Hurrikan Katrina und der anschließende Ausnahmezustand haben diese Verhältnisse brennglasartig verschärft und plötzlich ins Licht einer entsetzten Öffentlichkeit gerückt. Mit welchen Konsequenzen, bleibt abzuwarten. Aber es wäre zu kurz gegriffen, die Schuld nur in Washington zu suchen. Auch die örtlichen Behörden haben angesichts der grossen
sozialen Herausfoderungen, denen sich die Politik in den amerikanischen Südstaaten täglich ausgesetzt sieht, nicht immer die richtigen Prioritäten gesetzt. Wer will schon Geld für einen Deich ausgeben, wenn die Chance, dass der nächste Sturm ihn zestört, nur 1: 500 steht? Und
wenn man mit dem selben Geld Schulen, Kindergärten oder Spielplätze bauen kann, wofür man dann auch gewählt wird?
Wie immer ist die Wirklichkeit komplexer als das in den gegenseitigen Schuldzuweisungen am Tage nach der Katastrophe zum Ausdruck kommt.
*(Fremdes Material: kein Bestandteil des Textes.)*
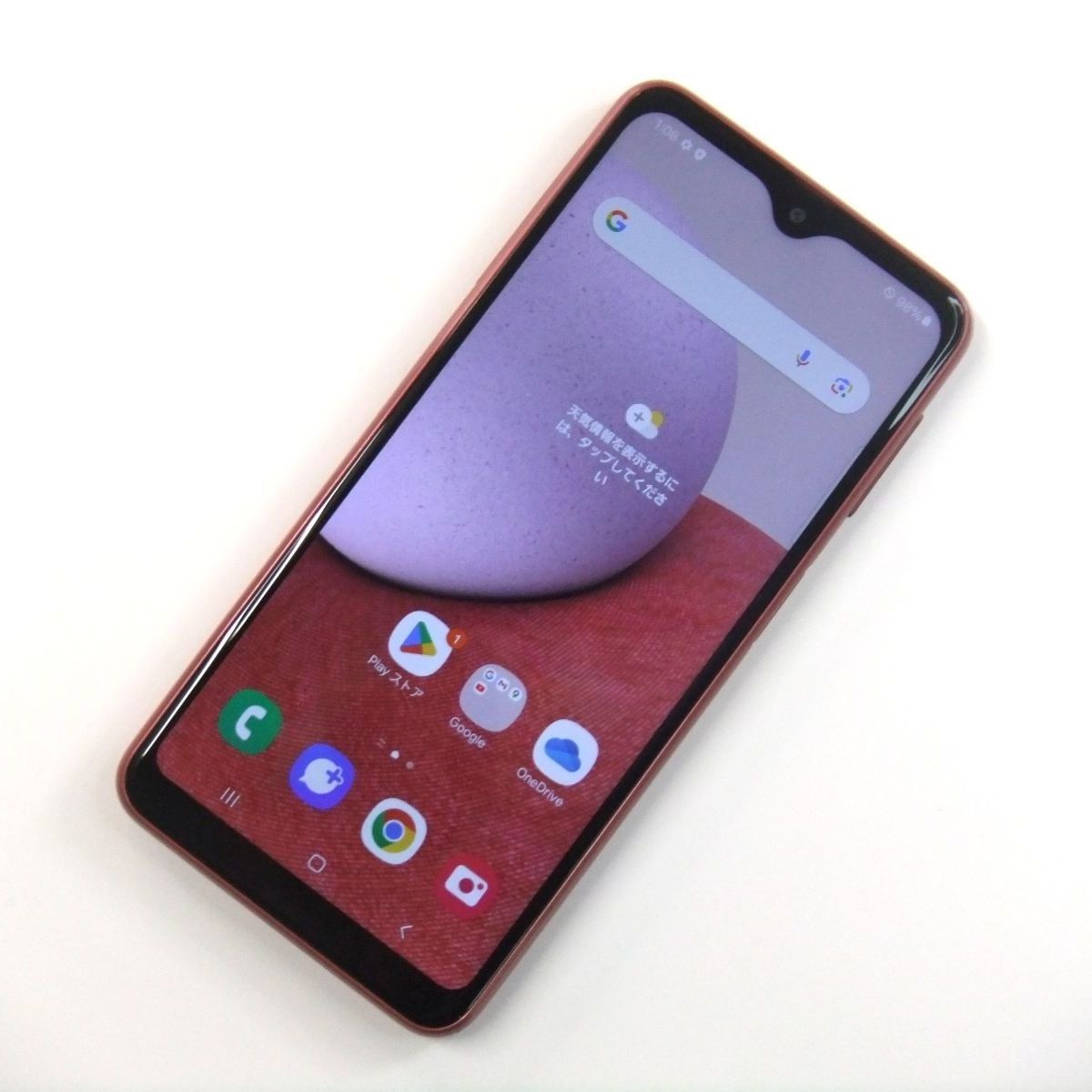 スマートフォン・携帯電話 【】 Galaxy A23 5G SCG18 レッド au SIMフリー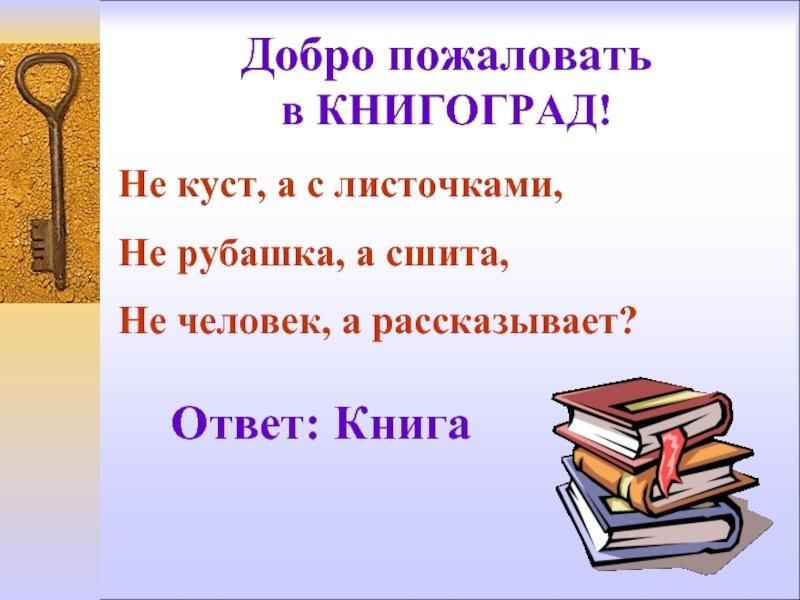 Книга ответ читать. Не куст а с листочками не рубашка а сшита не человек а рассказывает. Добро пожаловать в Книгоград. Не человек а рассказывает не рубашка а сшита. Не куст а с листочками ответ.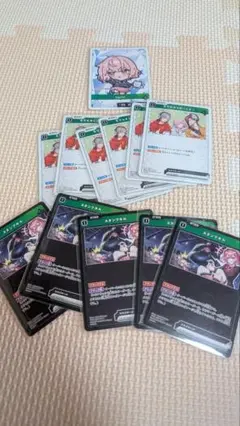 クロススターズ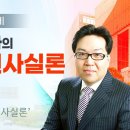 [개강] 김남훈 법무2차 민법 요건사실론 특강 + 50%할인 이벤트 이미지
Bush hat die selbst verschuldeten Defizite beim Krisenmanagement inzwischen eingeräumt. Das war klug. Denn mit bloßem Leugnen hätte er die Bevölkerung niemals beruhigt. Nun hat er mit seinem verspäteten Besuch im Katastrophengebiet die lang vermisste Führungskraft aufgebracht, die den Hilfsmaßnahmen vielleicht die notwenige Dynamik verleiht.
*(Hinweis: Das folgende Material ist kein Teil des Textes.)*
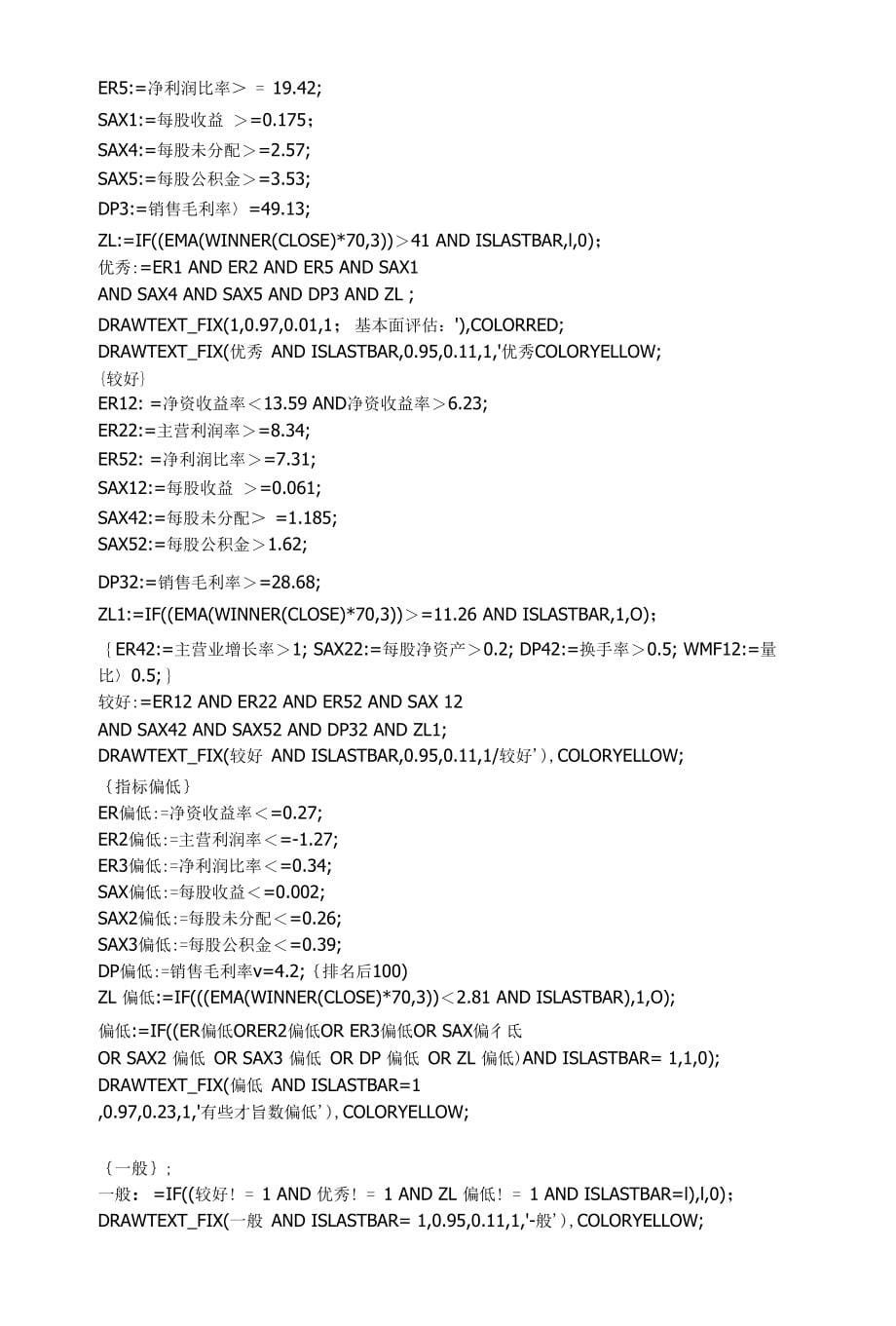 基本面财务通达信指标公式源码_第5页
Am Montag will er sich davon noch einmal selber überzeugen. Die zweite Reise ins Krisengebiet deutet auch auf ein schlechtes Gewissen hin. Denn durch die Schlampigkeit und das Zögern wurden nicht nur viele Menschenleben verloren, auch dem Ansehen Amerikas in der Welt ist ein weiteres Mal schwerer Schaden zugefügt worden.